28
de setembro de 2014 | N° 17936
ANTONIO
PRATA
O agudo e a
crônica
Quando eu comecei a escrever crônicas, quinze anos
atrás, prometi a mim mesmo que iria revolver somente a terra do meu canteiro,
resistindo à tentação de arrastar o meu modesto arado por latifúndios
pedregosos como a política, a economia, a crise no Oriente Médio. (Como diz o
mestre Humberto Werneck, crônica é conversa sentado no meio-fio, não discurso
sobre um caixotinho). Todo domingo, porém, questiono minha promessa: o mundo é
vil, o país é injusto, há muitas causas importantes sem voz e muitos calhordas
com megafones – devo seguir falando da minha infância, de um amigo que reencontrei,
dos primeiros passos da minha filha?
Às
vezes, em bate-papos com leitores, me perguntam por que eu raramente escrevo
sobre o assunto da semana.

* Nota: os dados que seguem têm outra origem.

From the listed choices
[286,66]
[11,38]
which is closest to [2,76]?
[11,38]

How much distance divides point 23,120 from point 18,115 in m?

Digo que a chance de eu ter alguma coisa relevante a
dizer sobre o assunto da semana é pequena, ainda mais concorrendo com
jornalistas e especialistas que estão debruçados sobre a questão. Serei mais
profundo ou divertido, terei, enfim, mais chance de dizer algo verdadeiro
(mesmo que pequeno, mas verdadeiro, e é isso que importa) se mirar no que eu
conheço: a minha infância, o amigo que reencontrei, os primeiros passos da
minha filha.
Também
costumam perguntar, nesses bate-papos, se por falar sempre de si mesmo o
cronista não seria um autocentrado e, portanto, um alienado. Acho o contrário:
o cronista procura nele mesmo (ou melhor, numa ficção de si mesmo) os assuntos
que possam tocar os outros. Todo mundo teve infância, todo mundo tem amigos que
a vida afastou, mesmo quem não é pai ou mãe sabe o que é uma criança. Se ao
falar do meu umbigo eu não cutucar o seu, a relação umbilical da literatura não
se estabeleceu: pode escrever pro Painel do Leitor.
Esses
questionamentos crônicos me voltam mais agudos nestas eleições. Na quinta
retrasada, dia 18, um PM matou um ambulante com um tiro na cabeça. Nesta segunda,
o PM foi solto. Não houve manifestações nem indignação por parte da população e
Geraldo “quem não reagiu tá vivo” Alckmin, o chefe da PM, deve ser reeleito no
primeiro turno. (Sobre o silêncio de São Paulo diante do assassinato, ler
Flávio Moura em: http://migre.me/lRQpJ). Naquela mesma quinta, 18, no presídio
de Pedrinhas, Maranhão, foi assassinado o décimo sétimo preso, só este ano. Ano
passado, foram 60; alguns deles, decapitados diante das câmeras de celulares.
Os
senhores feudais que dominam o Maranhão e gerenciam Pedrinhas são da base de
apoio da Dilma, que acusa Marina de ser uma proposta insensata por não contar
com o apoio de senhores feudais como os que dominam o Maranhão e gerenciam
Pedrinhas. Marina, contudo, não é nada insensata: a paladina da nova política
apoia quem, em SP? Alckmin.
Devo
seguir falando da minha infância, de um amigo que reencontrei, dos primeiros
passos da minha filha? Às vezes, acredito que sim: que a crônica existe para
iluminar uns rincõezinhos assombreados do cotidiano, pra abrir nossos olhos
para a graça que passa despercebida, pelas esquinas – e que isso também é um
ato político. Outras vezes, porém, me vejo como um nobre gordo, na França, em
1788, comendo codornas enquanto o povo morre de fome, de bala ou é decapitado
do lado de fora e nos calabouços do castelo.